И она, — записывает монах-летописец, — испуская глубокие вздохи, проливая слезы, но с решительностью и умом незаурядной дамы говорила своему сыну:

— Что же, что делать нам, сын мой, при столь ужасных обстоятельствах, удары которых доносятся со всех сторон? Ведь мы все, не исключая самой святой церкви, обречены этими татарами на гибель!

На такие слова матери король отвечал печально, но с глубоким вдохновением:

— Не забудьте, госпожа моя мать, небесное утешение — с нами! Если даже эти татары ворвутся к нам или мы, собравшись, пойдем на них, туда на Восток, то и в том и другом случае — наш путь ведет на небеса!»

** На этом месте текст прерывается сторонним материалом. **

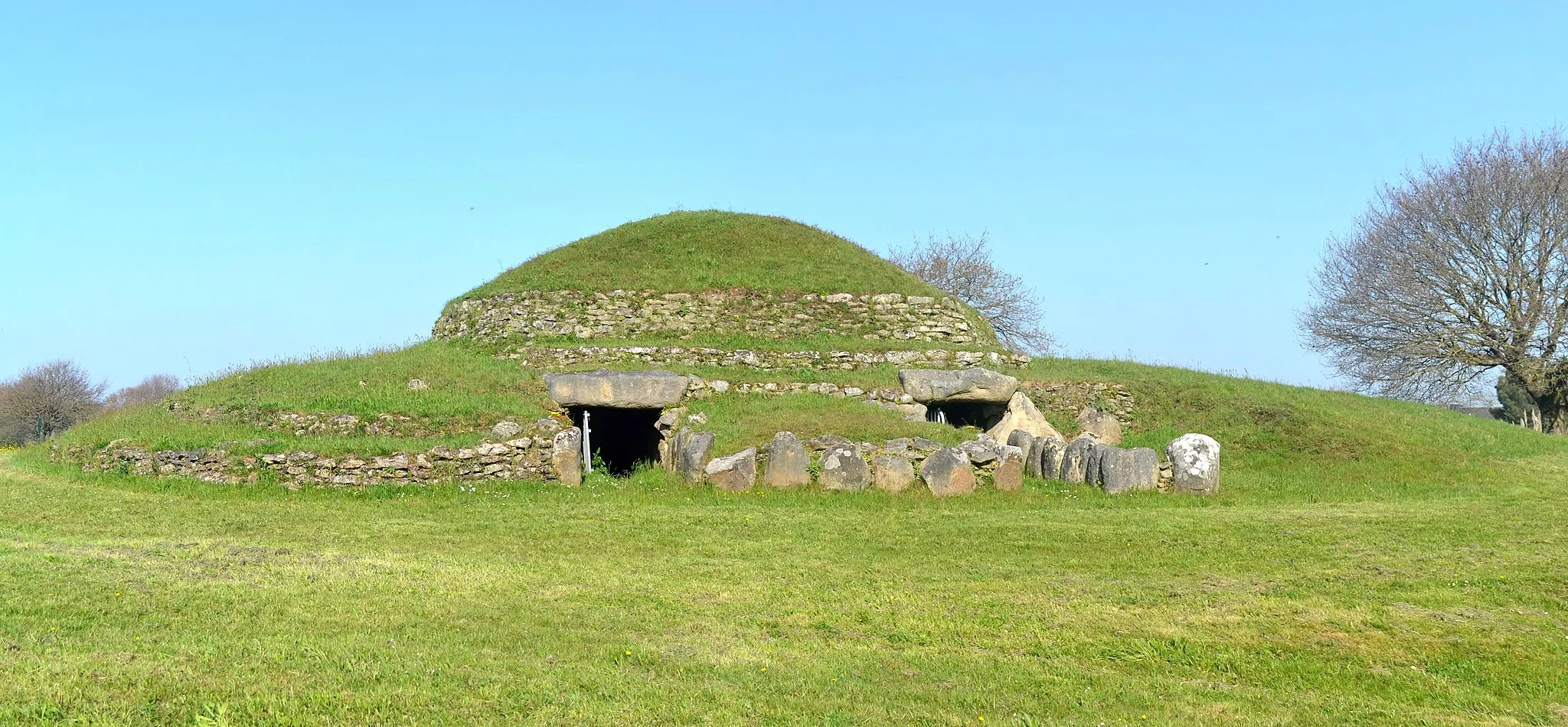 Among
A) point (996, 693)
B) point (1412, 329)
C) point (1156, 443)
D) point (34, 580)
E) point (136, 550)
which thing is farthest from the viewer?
point (1412, 329)

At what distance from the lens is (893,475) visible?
1816 centimetres

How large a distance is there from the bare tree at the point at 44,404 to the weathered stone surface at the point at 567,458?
112 feet

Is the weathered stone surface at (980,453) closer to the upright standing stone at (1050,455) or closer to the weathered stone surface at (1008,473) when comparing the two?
the weathered stone surface at (1008,473)

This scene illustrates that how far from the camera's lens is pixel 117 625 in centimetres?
859

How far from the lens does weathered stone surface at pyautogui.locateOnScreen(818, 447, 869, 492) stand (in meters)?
18.1

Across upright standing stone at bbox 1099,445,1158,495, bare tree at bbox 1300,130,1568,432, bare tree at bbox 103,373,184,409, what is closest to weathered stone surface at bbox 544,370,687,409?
upright standing stone at bbox 1099,445,1158,495

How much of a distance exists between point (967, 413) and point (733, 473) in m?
8.99

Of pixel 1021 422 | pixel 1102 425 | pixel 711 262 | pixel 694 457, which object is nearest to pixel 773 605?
pixel 694 457

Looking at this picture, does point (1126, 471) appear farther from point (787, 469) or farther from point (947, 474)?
point (787, 469)

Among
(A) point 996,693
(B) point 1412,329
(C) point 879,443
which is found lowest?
(A) point 996,693

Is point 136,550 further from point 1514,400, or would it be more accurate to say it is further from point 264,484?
point 1514,400

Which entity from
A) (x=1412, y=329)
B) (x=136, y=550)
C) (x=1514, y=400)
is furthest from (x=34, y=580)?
(x=1514, y=400)

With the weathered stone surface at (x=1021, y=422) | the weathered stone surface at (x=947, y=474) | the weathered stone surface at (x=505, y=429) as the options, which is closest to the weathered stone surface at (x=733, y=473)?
the weathered stone surface at (x=947, y=474)

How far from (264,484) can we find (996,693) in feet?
49.1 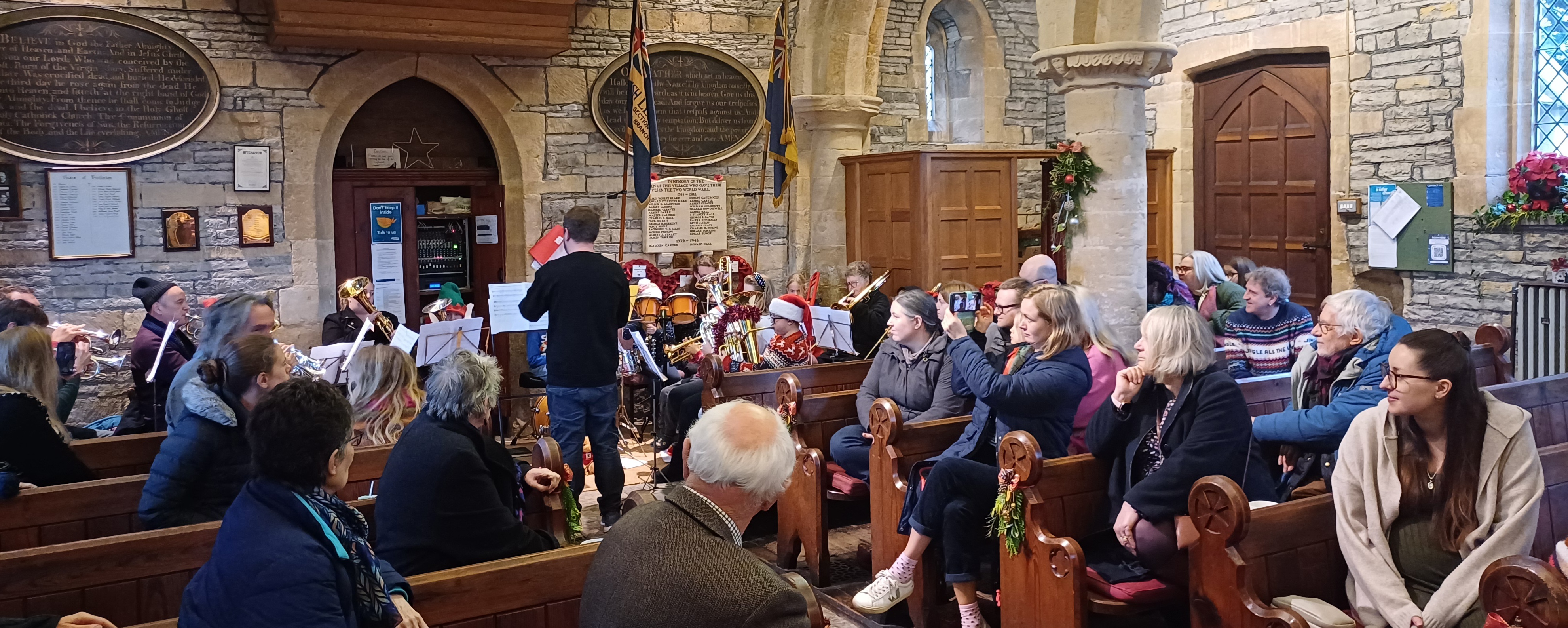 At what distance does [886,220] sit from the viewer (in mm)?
8414

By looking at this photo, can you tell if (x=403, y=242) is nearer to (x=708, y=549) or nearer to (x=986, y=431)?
(x=986, y=431)

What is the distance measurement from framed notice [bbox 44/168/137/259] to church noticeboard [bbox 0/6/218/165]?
9 centimetres

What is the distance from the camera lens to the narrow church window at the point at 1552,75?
740 cm

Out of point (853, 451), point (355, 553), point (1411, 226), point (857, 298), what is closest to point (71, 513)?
point (355, 553)

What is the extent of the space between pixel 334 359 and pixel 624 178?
2.73 metres

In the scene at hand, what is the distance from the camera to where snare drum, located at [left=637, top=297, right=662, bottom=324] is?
24.0 feet

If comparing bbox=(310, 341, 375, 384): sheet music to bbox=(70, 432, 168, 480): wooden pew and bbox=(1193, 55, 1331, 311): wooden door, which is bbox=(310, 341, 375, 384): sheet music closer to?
bbox=(70, 432, 168, 480): wooden pew

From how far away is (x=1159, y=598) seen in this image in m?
3.23

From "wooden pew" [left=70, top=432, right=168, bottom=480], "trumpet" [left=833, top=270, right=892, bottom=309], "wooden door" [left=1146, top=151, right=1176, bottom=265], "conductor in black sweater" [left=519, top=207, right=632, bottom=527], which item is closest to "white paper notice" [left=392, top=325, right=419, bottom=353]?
"conductor in black sweater" [left=519, top=207, right=632, bottom=527]

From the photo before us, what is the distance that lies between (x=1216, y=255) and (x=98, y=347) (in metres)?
8.43

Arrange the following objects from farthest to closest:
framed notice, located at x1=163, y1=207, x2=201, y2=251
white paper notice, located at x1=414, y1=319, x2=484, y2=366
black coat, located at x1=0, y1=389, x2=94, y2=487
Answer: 1. framed notice, located at x1=163, y1=207, x2=201, y2=251
2. white paper notice, located at x1=414, y1=319, x2=484, y2=366
3. black coat, located at x1=0, y1=389, x2=94, y2=487

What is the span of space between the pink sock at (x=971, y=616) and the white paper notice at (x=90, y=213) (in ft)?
18.6

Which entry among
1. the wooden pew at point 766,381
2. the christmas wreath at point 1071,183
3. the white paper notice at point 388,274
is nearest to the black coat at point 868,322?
the wooden pew at point 766,381

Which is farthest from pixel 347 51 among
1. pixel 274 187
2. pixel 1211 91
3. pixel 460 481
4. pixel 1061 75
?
pixel 1211 91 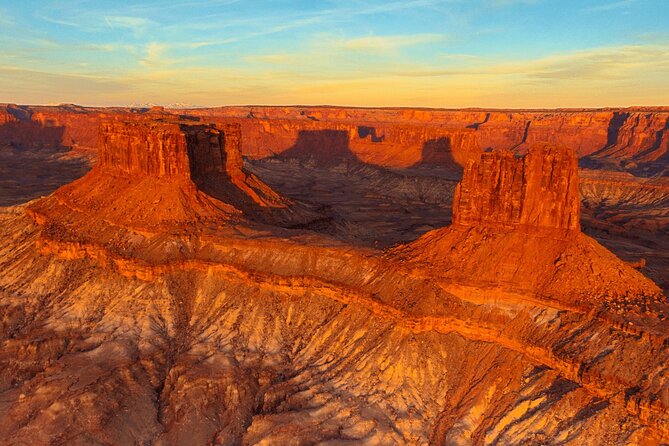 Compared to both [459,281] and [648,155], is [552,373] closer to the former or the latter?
[459,281]

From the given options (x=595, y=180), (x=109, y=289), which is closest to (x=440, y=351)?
(x=109, y=289)

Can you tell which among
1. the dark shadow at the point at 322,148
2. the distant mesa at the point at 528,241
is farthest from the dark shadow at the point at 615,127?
the distant mesa at the point at 528,241

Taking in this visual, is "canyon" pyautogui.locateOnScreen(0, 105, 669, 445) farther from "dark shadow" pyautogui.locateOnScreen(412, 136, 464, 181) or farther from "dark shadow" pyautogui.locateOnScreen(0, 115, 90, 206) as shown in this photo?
"dark shadow" pyautogui.locateOnScreen(412, 136, 464, 181)

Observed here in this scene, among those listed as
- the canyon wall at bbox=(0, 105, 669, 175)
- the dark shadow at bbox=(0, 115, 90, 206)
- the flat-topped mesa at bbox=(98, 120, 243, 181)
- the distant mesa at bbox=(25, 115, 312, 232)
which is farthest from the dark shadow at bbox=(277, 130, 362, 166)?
the distant mesa at bbox=(25, 115, 312, 232)

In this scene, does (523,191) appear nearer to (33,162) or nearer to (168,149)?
(168,149)

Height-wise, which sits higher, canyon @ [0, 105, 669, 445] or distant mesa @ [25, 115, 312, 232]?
distant mesa @ [25, 115, 312, 232]

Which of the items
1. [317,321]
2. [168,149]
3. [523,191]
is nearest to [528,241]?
[523,191] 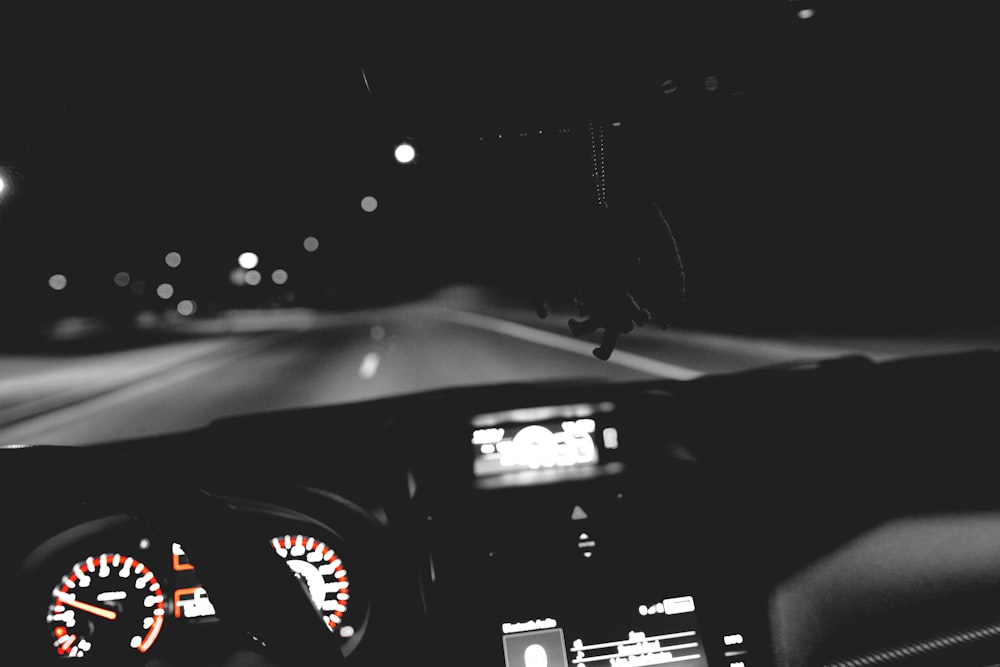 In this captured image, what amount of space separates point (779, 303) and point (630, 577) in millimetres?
2044

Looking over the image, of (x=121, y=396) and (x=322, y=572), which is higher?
(x=121, y=396)

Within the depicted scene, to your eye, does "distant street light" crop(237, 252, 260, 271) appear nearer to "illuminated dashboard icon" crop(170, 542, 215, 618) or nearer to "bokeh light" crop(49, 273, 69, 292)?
"bokeh light" crop(49, 273, 69, 292)

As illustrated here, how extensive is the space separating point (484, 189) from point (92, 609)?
7.55 feet

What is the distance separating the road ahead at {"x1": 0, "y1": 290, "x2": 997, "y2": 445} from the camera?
3.54 metres

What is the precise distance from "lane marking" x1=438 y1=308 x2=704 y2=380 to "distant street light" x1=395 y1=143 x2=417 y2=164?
130 cm

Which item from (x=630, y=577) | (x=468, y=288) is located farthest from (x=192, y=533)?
(x=468, y=288)

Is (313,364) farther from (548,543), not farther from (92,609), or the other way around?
(548,543)

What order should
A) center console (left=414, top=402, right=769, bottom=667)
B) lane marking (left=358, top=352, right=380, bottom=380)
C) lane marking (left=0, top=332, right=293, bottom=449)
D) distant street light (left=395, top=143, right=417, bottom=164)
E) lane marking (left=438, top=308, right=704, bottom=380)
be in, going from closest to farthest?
center console (left=414, top=402, right=769, bottom=667) < lane marking (left=0, top=332, right=293, bottom=449) < distant street light (left=395, top=143, right=417, bottom=164) < lane marking (left=438, top=308, right=704, bottom=380) < lane marking (left=358, top=352, right=380, bottom=380)

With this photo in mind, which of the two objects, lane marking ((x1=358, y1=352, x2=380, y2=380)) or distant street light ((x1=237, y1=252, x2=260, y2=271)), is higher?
lane marking ((x1=358, y1=352, x2=380, y2=380))

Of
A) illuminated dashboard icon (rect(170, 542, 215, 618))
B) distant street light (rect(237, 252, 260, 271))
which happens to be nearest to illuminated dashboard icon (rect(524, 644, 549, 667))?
illuminated dashboard icon (rect(170, 542, 215, 618))

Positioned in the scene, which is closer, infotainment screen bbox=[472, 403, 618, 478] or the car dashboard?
the car dashboard

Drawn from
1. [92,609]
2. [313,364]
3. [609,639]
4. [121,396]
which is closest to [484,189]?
[609,639]

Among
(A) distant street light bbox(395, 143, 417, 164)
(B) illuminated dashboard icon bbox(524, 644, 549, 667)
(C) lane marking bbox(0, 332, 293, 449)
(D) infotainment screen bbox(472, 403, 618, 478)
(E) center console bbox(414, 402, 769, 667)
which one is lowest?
(B) illuminated dashboard icon bbox(524, 644, 549, 667)

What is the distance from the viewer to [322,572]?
3090mm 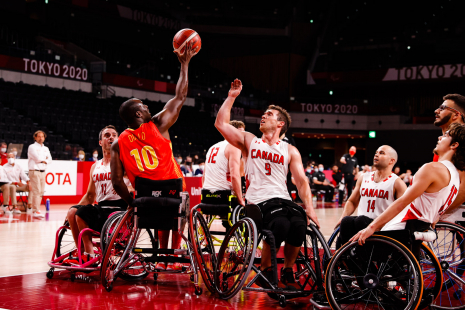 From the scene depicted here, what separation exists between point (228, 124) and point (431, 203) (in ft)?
5.77

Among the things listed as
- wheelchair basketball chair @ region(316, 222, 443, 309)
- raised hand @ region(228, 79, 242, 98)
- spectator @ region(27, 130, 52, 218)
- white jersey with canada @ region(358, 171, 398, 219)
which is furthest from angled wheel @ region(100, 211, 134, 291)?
spectator @ region(27, 130, 52, 218)

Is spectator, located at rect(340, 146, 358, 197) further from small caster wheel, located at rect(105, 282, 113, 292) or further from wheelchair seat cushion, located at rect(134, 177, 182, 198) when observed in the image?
small caster wheel, located at rect(105, 282, 113, 292)

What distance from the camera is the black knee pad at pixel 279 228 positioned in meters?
3.99

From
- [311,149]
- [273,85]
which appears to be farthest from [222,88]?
[311,149]

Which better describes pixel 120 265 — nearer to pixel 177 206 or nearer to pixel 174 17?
pixel 177 206

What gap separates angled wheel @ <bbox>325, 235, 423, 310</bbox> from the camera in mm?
3395

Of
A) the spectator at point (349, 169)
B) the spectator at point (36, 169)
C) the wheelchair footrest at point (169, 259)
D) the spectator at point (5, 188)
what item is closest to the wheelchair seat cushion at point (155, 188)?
the wheelchair footrest at point (169, 259)

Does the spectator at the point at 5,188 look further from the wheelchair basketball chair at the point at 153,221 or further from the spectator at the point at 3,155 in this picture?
the wheelchair basketball chair at the point at 153,221

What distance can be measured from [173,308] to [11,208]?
365 inches

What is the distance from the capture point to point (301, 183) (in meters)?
4.28

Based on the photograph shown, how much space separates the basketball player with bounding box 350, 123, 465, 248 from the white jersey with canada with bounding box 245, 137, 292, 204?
1.00 m

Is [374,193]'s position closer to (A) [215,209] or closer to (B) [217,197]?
(A) [215,209]

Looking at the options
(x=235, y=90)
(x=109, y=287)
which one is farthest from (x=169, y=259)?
(x=235, y=90)

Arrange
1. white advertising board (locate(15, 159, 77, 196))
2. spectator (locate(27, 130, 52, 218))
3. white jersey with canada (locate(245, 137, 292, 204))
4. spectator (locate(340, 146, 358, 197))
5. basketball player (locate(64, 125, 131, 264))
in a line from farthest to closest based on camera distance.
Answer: spectator (locate(340, 146, 358, 197))
white advertising board (locate(15, 159, 77, 196))
spectator (locate(27, 130, 52, 218))
basketball player (locate(64, 125, 131, 264))
white jersey with canada (locate(245, 137, 292, 204)) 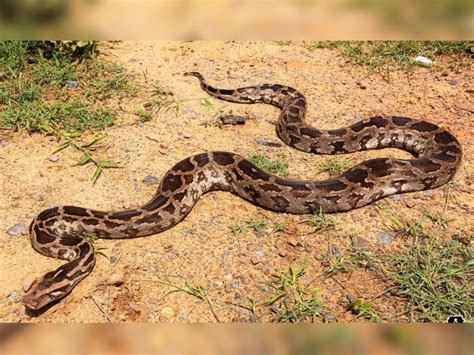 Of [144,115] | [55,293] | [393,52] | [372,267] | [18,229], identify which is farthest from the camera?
[393,52]

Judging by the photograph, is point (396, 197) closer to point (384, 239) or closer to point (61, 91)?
point (384, 239)

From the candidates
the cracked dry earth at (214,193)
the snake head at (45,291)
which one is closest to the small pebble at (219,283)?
the cracked dry earth at (214,193)

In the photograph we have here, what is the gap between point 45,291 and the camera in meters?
5.00

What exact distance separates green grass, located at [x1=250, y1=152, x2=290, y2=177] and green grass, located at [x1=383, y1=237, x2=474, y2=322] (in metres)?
2.09

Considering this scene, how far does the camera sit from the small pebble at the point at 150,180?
6844 mm

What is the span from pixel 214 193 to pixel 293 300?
224 centimetres

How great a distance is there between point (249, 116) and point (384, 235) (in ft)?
11.4

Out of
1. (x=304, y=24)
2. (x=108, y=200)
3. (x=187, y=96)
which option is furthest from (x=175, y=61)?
(x=304, y=24)

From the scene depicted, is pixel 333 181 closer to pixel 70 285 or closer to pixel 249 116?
pixel 249 116

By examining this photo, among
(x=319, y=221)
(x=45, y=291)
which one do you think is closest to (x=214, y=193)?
(x=319, y=221)

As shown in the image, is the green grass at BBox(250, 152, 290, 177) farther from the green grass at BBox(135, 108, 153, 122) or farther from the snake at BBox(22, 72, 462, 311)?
the green grass at BBox(135, 108, 153, 122)

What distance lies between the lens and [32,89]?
8.20 m

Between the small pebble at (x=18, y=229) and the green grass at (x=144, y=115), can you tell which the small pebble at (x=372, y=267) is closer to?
the small pebble at (x=18, y=229)

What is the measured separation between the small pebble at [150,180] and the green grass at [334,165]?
2412mm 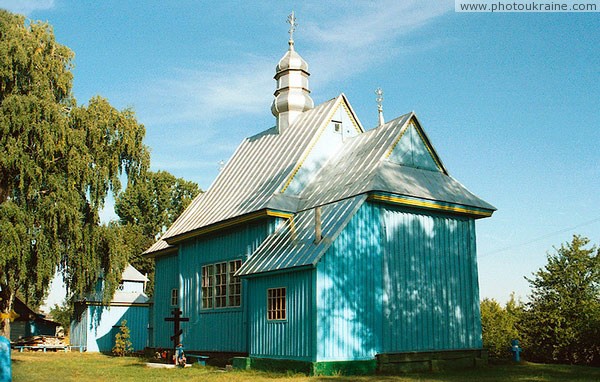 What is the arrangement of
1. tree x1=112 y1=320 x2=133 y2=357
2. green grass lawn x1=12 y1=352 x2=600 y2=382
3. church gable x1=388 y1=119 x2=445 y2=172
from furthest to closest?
tree x1=112 y1=320 x2=133 y2=357 < church gable x1=388 y1=119 x2=445 y2=172 < green grass lawn x1=12 y1=352 x2=600 y2=382

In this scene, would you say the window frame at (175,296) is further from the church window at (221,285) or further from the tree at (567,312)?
the tree at (567,312)

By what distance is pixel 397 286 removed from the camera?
17.2 m

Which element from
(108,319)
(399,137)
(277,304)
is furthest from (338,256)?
(108,319)

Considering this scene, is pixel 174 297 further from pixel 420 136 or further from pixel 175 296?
pixel 420 136

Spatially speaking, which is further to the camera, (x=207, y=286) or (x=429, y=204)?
(x=207, y=286)

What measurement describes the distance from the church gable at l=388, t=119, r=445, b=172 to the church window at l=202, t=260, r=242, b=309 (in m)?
5.88

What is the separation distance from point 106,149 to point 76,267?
185 inches

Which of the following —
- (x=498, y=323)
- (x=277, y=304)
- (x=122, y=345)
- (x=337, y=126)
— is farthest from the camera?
(x=498, y=323)

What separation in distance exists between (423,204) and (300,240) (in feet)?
11.7

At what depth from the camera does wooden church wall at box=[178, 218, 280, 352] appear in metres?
19.8

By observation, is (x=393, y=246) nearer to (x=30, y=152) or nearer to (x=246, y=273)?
(x=246, y=273)

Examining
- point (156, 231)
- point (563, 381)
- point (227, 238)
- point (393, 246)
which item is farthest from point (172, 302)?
point (156, 231)

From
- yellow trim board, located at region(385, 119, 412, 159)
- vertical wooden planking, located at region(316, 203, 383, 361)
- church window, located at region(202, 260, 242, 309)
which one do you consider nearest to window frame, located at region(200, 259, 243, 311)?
church window, located at region(202, 260, 242, 309)

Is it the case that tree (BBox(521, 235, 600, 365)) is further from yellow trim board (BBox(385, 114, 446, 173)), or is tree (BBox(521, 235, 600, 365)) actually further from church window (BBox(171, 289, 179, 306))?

Благочестивый монах комментирует эти слова Людовика Святого следующим образом:

— Побьем ли мы татар или они перебьют нас — мы все будем у нашего бога — как верующие ли герои, или же как святые мученики!

И замечательное королевское слово это ободрило и воодушевило не только благородных дворян Франция, но и простых жителей ее городов.

Времена хана Батыя давно прошли, но забыты быть не могли. А недавнее падение Константинополя оживило страшные воспоминания.

Однако, хотя опасность подступала снова, время уже несло с собой надежду: наконец-то на свете оказалась страна, которой, по-видимому, под силу прикрыть, спасти Европу с Востока. Вся Европа, все ее могучие многие княжества ликовали в восторге, когда впервые, еще за восемьдесят лег до падения Империи ромеев, великий князь Москвы Дмитрий Иванович разбил на Куликовом поле ордынского царя Мамая.

Звезда надежды взошла и засияла тогда над Европой: есть такая сила на востоке Европы, которая может противостоять Востоку Дальнему.

Москва — это не один малый и свободный город-республика, торгующий, соперничающий, интригующий, как европейские города.

Москва — это огромная земля, наполовину полевая, наполовину лесная и потому недоступная конникам.

Москва — это единый огромный народ, одного потока, одной веры с Европой — народ христианский, широкий, простой, как море, мудрый и добрый, как природа. Народ — не орда, народ под единым властителем, князем христианской веры.

Народ такой, как о нем рассказывала царевне Зoe ee няня Евдокия, — добрый, сильный, правдивый, честный, ненавидящий хитрости, жестокости, своеволия мелких вождей, их жадность к чужой власти и к чужому добру.

Народ, дравшийся не за плату золотом или серебром или позволенным грабежом, как наемники Европы. А народ сам безгранично богатый — землями, скотом, полями, отстаивающий свою правду, свою землю и, значит, свою свободу, свою вольную, щедрую жизнь.

Удивительны пути истории — в своей простоте и мудрости. Рокотали колеса кареты кардинала Виссариона, гремели вперестук копыта пары мулов, и, возвращаясь в свою ватиканскую келью, кардинал скорбно размышлял, что, конечно, права царевича Андрея на константинопольский престол несомненны, но столь же ведь несомненно, что у этого шалопая нет никаких возможностей собрать вооруженную силу. Нет у него ни золота, ни порыва, ни обаяния, ни вдохновения: он уже теперь пытается делать в счет блестящего будущего очень небольшие займы. Этот парень не будет иметь никакого авторитета! Нет размаха! Далеко не пойдет!